The answer must be the lines from the one containing "fc1de4ca7d49c7" through the last line of the data below, copied exactly, with nothing else.

--------

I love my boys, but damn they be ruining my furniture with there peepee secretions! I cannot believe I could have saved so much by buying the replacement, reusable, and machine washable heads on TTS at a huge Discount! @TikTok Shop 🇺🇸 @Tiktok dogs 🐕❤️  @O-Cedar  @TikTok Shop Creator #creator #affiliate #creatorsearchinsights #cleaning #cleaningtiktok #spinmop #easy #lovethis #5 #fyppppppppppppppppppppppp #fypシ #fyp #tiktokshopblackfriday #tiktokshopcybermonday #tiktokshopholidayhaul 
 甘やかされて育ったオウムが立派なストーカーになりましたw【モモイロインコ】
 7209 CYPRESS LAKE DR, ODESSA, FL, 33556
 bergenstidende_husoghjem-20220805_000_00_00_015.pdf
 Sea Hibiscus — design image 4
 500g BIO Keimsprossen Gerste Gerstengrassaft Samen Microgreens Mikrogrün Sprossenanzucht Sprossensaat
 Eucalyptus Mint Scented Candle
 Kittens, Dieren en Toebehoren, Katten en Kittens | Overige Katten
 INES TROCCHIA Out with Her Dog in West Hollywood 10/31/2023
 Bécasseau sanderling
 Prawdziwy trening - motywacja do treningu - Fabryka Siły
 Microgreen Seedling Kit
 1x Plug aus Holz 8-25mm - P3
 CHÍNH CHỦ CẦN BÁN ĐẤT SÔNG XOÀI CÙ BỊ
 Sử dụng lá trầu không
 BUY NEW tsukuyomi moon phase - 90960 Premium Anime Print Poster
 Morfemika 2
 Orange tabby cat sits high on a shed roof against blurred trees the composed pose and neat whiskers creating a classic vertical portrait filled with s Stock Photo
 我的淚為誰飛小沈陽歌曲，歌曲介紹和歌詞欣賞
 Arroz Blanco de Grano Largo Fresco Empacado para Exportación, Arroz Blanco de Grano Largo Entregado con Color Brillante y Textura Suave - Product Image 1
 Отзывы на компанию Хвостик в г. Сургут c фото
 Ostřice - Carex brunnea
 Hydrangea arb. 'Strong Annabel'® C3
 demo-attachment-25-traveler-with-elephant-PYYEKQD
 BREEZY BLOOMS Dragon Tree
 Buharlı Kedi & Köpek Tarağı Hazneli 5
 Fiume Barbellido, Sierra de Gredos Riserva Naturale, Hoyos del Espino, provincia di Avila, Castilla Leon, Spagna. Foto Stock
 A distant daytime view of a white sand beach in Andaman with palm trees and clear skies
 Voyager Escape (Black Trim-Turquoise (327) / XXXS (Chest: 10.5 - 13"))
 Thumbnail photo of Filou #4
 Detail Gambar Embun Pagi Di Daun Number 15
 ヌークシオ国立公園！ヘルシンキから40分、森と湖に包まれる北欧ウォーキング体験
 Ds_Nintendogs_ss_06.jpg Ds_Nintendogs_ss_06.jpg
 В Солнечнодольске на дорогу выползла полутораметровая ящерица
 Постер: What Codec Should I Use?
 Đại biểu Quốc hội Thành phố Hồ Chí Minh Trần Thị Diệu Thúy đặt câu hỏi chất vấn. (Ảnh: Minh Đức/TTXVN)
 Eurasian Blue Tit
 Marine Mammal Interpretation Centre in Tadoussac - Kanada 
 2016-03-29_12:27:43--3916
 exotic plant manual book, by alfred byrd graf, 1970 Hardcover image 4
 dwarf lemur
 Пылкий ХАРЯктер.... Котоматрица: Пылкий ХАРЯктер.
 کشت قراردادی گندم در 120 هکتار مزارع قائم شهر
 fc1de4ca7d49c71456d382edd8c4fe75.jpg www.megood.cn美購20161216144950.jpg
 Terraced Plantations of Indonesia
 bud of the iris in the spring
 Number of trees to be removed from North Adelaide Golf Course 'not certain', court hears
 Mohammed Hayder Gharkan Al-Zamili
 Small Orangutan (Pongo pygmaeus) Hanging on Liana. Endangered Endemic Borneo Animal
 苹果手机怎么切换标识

--------

> _Task response_:
 fc1de4ca7d49c71456d382edd8c4fe75.jpg www.megood.cn美購20161216144950.jpg
 Terraced Plantations of Indonesia
 bud of the iris in the spring
 Number of trees to be removed from North Adelaide Golf Course 'not certain', court hears
 Mohammed Hayder Gharkan Al-Zamili
 Small Orangutan (Pongo pygmaeus) Hanging on Liana. Endangered Endemic Borneo Animal
 苹果手机怎么切换标识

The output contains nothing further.